Citation:SHA Sha,SHEN Xinyong,LI Xiaofan.2018.The Study of Multi-scale Energy Interactions during a Meiyu Front Rainstorm. Part Ⅱ: Practical Application[J].Chinese Journal of Atmospheric Sciences (in Chinese),42(5):1119-1132,doi:10.3878/j.issn.1006-9895.1710.17196.
中文摘要:
      本文利用中国自动站与CMORPH(Climate Prediction Center Morphing technique for the production of global precipitation estimates)融合的逐时降水量0.1°网格数据集资料挑选出一次典型的梅雨锋暴雨个例,运用WRF中小尺度模式进行模拟,对模拟得到的高分辨率结果进行Barnes滤波,最后将滤波结果代入动能和位能方程中,目的是定量地分析各个尺度能量的变化以及它们之间的相互作用对暴雨强度的影响。研究发现:模式模拟的降水过程和强度与实况较为吻合,推导的能量方程适用于这次暴雨过程。三种尺度能量之间的相互作用包含了各种跨尺度能量的相互作用。在整个暴雨过程中,跨尺度之间的斜压能量转换包括位能向动能的能量转换和动能向位能的能量转换。同尺度之间的斜压能量转换总是单向的,且量值较大,动能的强度主要靠位能向动能的能量转换来维持。斜压能量转换的多少影响着暴雨的强弱。大尺度斜压能量转换在中高层比较强,中尺度斜压能量转换在低层较强,尤以β中小尺度系统变化最为显著,β中小尺度系统扰动是影响暴雨强度的关键系统。风切变的大小影响各尺度动能之间的能量转换。温度或位温梯度的大小影响各尺度位能之间的能量转换。位能与动能之间的能量转换主要与各尺度垂直速度和温度的垂直分布有关,暖空气上升冷空气下沉是各个尺度位能向动能转换的主要过程。
Abstract:
      In this paper, the fusion data of observations collected at automatic stations in China and CMORPH (Climate Prediction Center Morphing technique for the production of global precipitation estimates) hourly precipitation at 0.1° resolution are used to identify a typical Meiyu front rainstorm, which is then simulated by WRF model. The simulation data is filtered by Barnes filtering. The energy equations are applied to analyze the filtered data for the purpose to quantitatively analyze the effects of interactions between multi-scale energy on the rainstorm intensity.
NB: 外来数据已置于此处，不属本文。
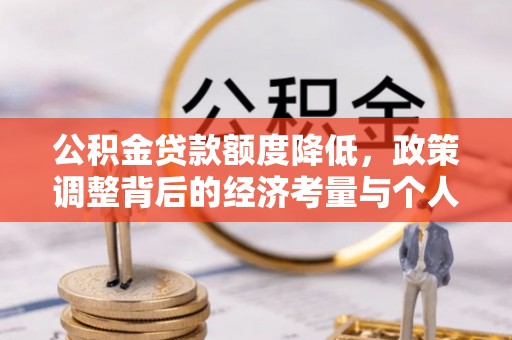 任城公积金贷款额度降低，政策调整背后的经济考量与个人应对策略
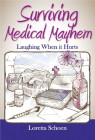 Surviving Medical Mayhem: Laughing When it Hurts By Loretta Schoen Cover Image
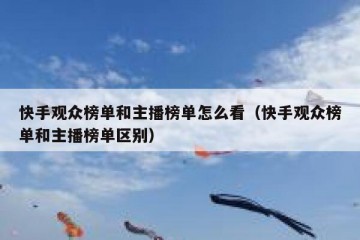快手观众榜单和主播榜单怎么看（快手观众榜单和主播榜单区别）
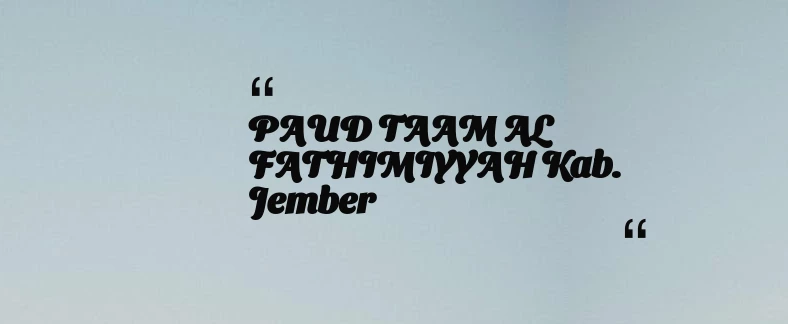 thumbnail for PAUD TAAM AL FATHIMIYYAH Kab. Jember
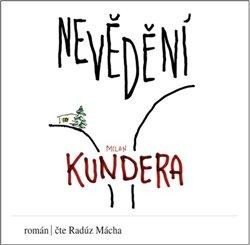 Kundera Milan: Nevědění - CDmp3 (Čte Radúz Mácha)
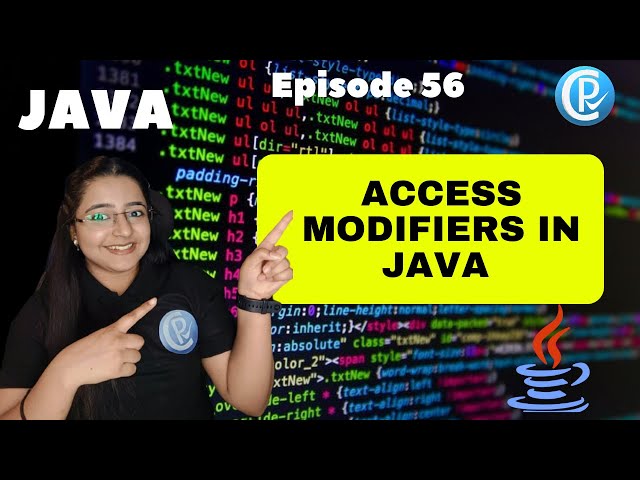 Access Modifiers in JAVA | Real-Life Examples | With Notes | Java for Beginners in Hindi |Episode 56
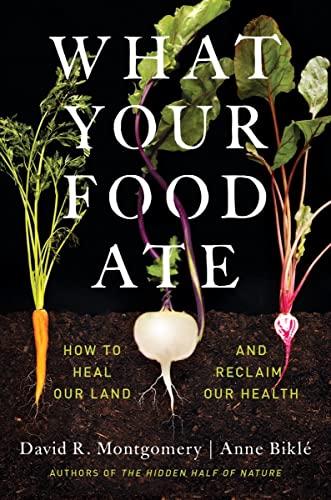 What Your Food Ate: How to Heal Our Land and Reclaim Our Health Cover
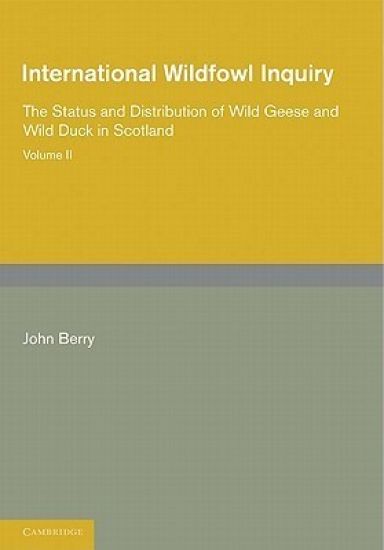 International Wildfowl Inquiry: Volume 2, The Status and Distribution of Wild Geese and Wild Duck in Scotland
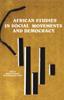 Книга African Studies In Social Movements and Democracy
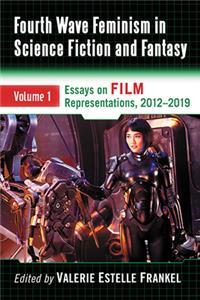 Fourth Wave Feminism in Science Fiction and Fantasy: Volume 1. Essays on Film Representations, 2012-2019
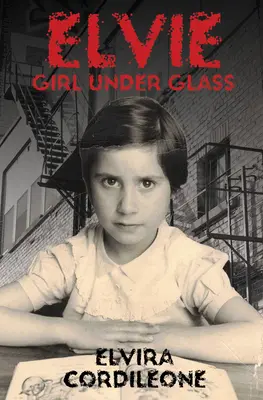 Elvie, la fille sous verre - Elvie, Girl Under Glass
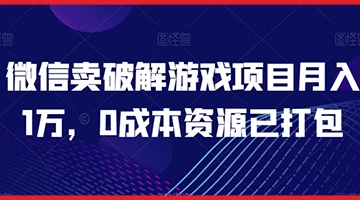 【创业好项目】微信卖破解游戏项目月入1万，0成本资源已打包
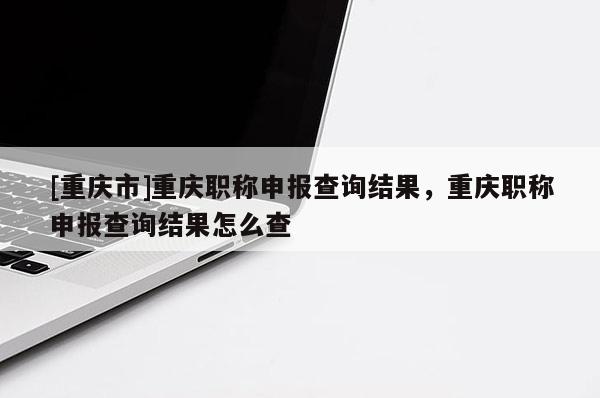 [重慶市]重慶職稱申報查詢結(jié)果，重慶職稱申報查詢結(jié)果怎么查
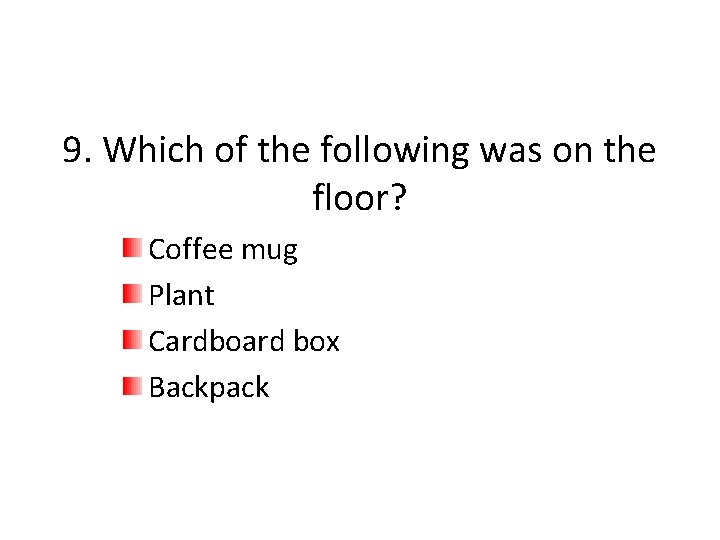 9. Which of the following was on the floor? Coffee mug Plant Cardboard box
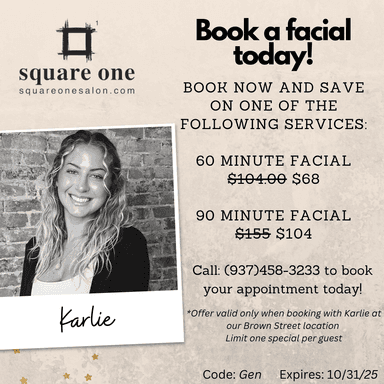 October Facial Special with Karlie on Brown Street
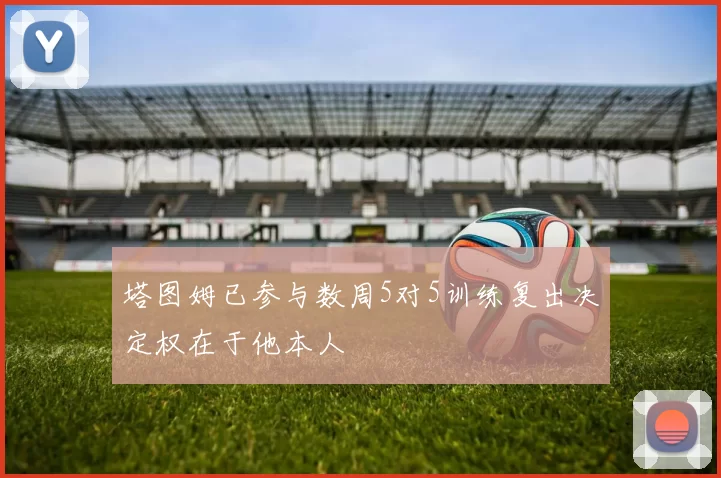 塔图姆已参与数周5对5训练复出决定权在于他本人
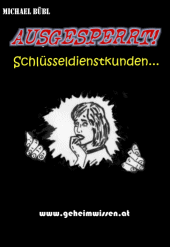 Ausgesperrt, Schl&uumlsseldienst-Kunden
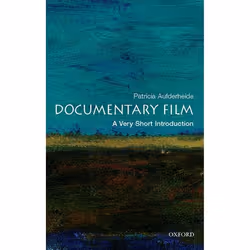 ISBN Documentary Film: A Very Short Introduction, Patricia Aufderheide, 176 pages, English, Oxford University Press, 24/01/20 ...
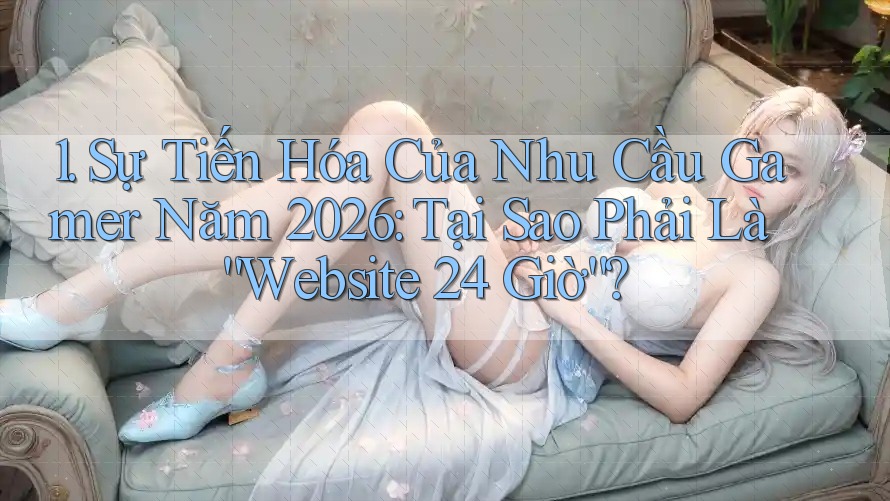 1. Sự Tiến Hóa Của Nhu Cầu Gamer Năm 2026: Tại Sao Phải Là “Website 24 Giờ”?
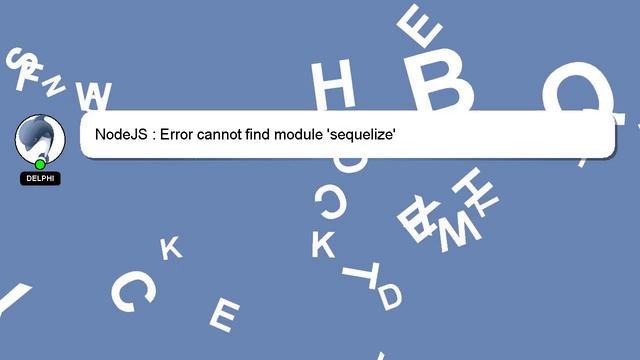 NodeJS : Error cannot find module 'sequelize' смотреть онлайн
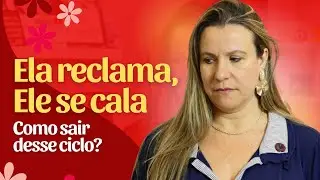 Porque ELA RECLAMA E ELE SE CALA: Como sair desse ciclo?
The results are as follows. The simulated precipitation and its intensity are consistent with observations, which indicates that the simulation can be used in the following research. Besides, these derived energy equations can be applied to the rainstorm. The interactions between energy on the three scales involve a variety of cross scale energy interactions. During the entire rainstorm process, the baroclinic energy conversions across various scales not only include the energy conversions from available potential energy to kinetic energy, but also from kinetic energy to available potential energy. However, the baroclinic energy conversions between these scales are always unidirectional, and the value is large, that is, the strength of kinetic energy is maintained mainly by the energy transformation from the available potential energy to the kinetic energy. The baroclinic energy conversions influence the rainstorm intensity. And the baroclinic energy conversions of large scale are stronger than others in the upper and middle troposphere, while the baroclinic energy conversions of meso scale are stronger than others in the lower troposphere, especially the meso-micro-β scale. Meso-micro-β scale disturbance may be the key system that influences the intensity of rainstorm. The magnitude of wind shear affects energy conversions between different scales of kinetic energy. The magnitude of temperature or potential temperature gradient affects energy conversions between the available potential energies at various scales. The energy conversions between the available potential energy and kinetic energy are mainly related to distributions of vertical velocity and temperature of each scale. The rising of warm air and the sinking of cold air are the main processes of the conversions from available potential energy to kinetic energy at various scales.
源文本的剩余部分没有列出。